── Source material ──
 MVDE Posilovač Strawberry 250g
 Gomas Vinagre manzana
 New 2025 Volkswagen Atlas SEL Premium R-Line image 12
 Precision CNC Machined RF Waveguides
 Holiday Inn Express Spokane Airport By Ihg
───
── Source material ──
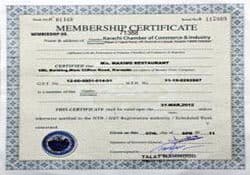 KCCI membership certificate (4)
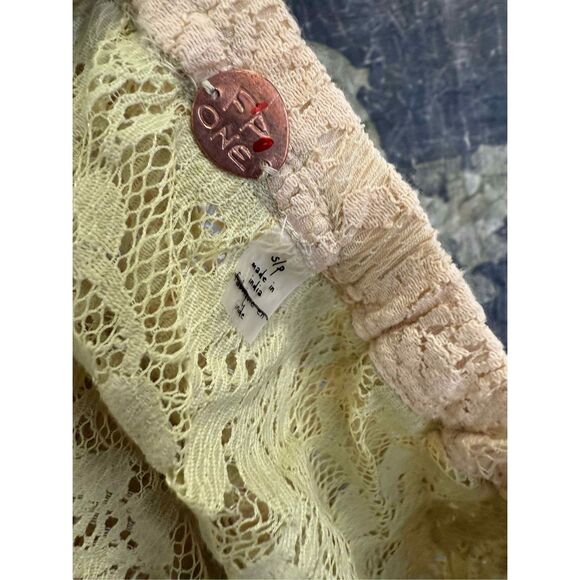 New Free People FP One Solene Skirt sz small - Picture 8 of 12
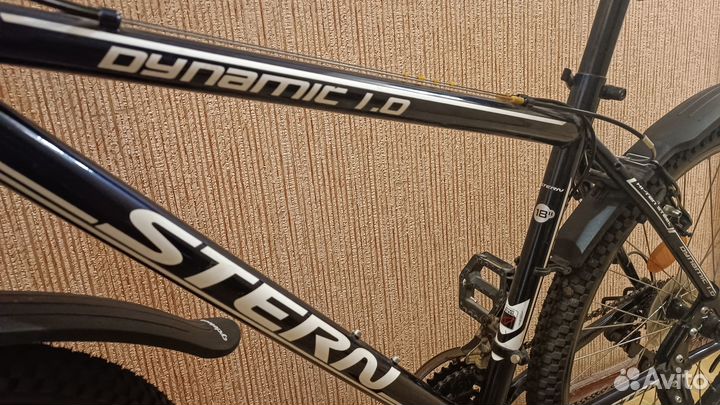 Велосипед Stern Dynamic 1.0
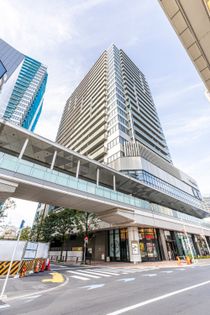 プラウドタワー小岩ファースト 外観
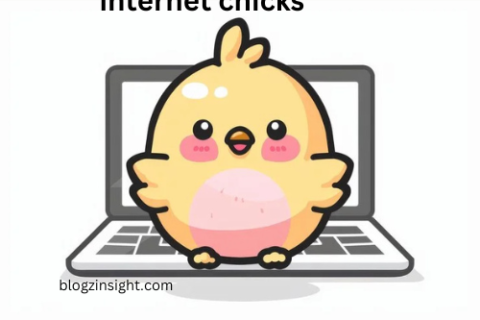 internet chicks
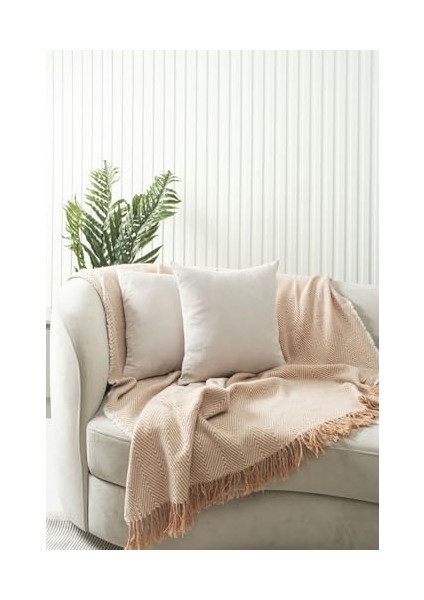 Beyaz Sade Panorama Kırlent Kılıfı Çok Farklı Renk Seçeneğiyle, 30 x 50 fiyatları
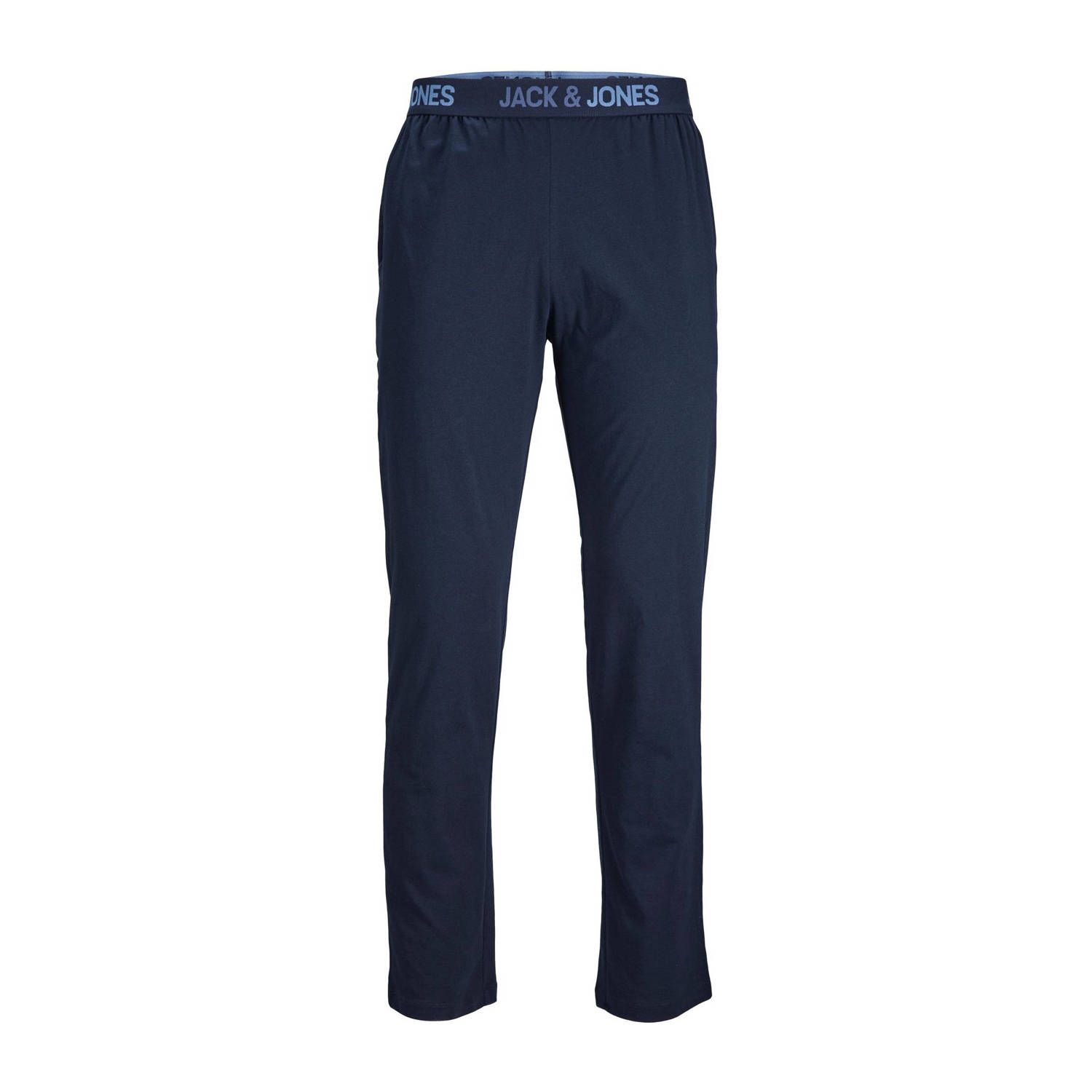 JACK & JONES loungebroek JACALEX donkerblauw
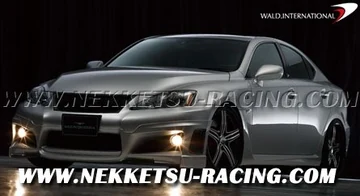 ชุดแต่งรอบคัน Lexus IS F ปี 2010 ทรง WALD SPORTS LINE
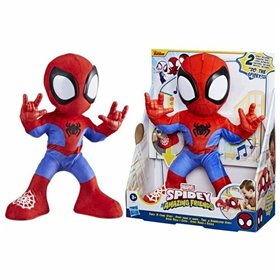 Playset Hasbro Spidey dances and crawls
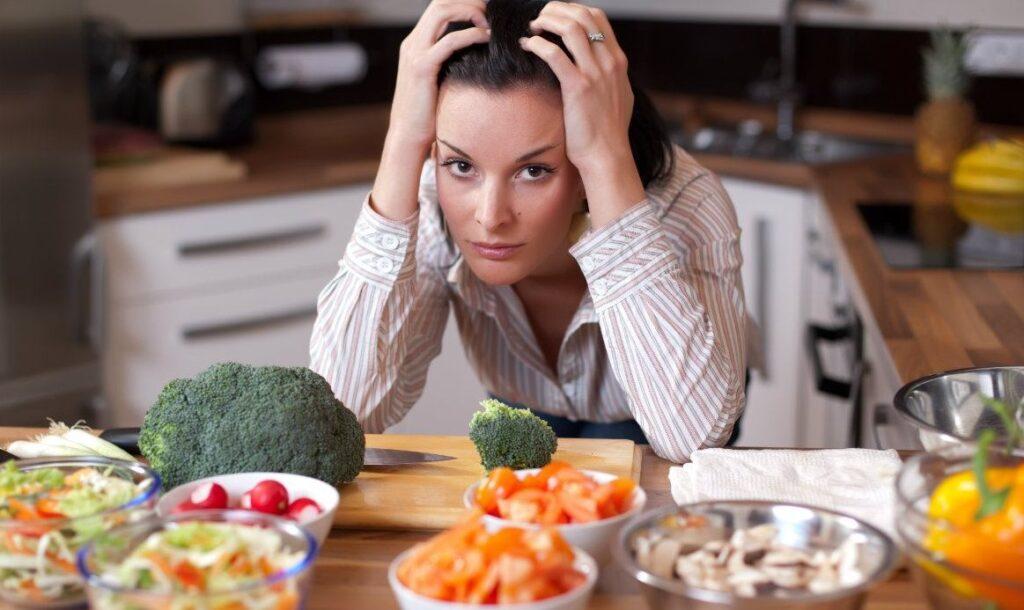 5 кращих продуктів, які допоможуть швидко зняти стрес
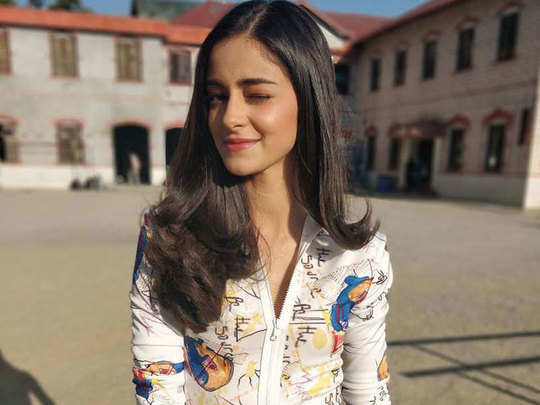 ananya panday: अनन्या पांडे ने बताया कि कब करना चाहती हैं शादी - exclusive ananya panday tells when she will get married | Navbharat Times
───
── Source material ──
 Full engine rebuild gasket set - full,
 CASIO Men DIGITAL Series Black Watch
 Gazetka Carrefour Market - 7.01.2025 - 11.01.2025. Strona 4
───
The problem
Your answer must consist solely of the lines above between the line holding "MVDE Posilovač Strawberry 250g" and the line holding "Holiday Inn Express Spokane Airport By Ihg", inclusive, copied exactly.

Task solution
 MVDE Posilovač Strawberry 250g
 Gomas Vinagre manzana
 New 2025 Volkswagen Atlas SEL Premium R-Line image 12
 Precision CNC Machined RF Waveguides
 Holiday Inn Express Spokane Airport By Ihg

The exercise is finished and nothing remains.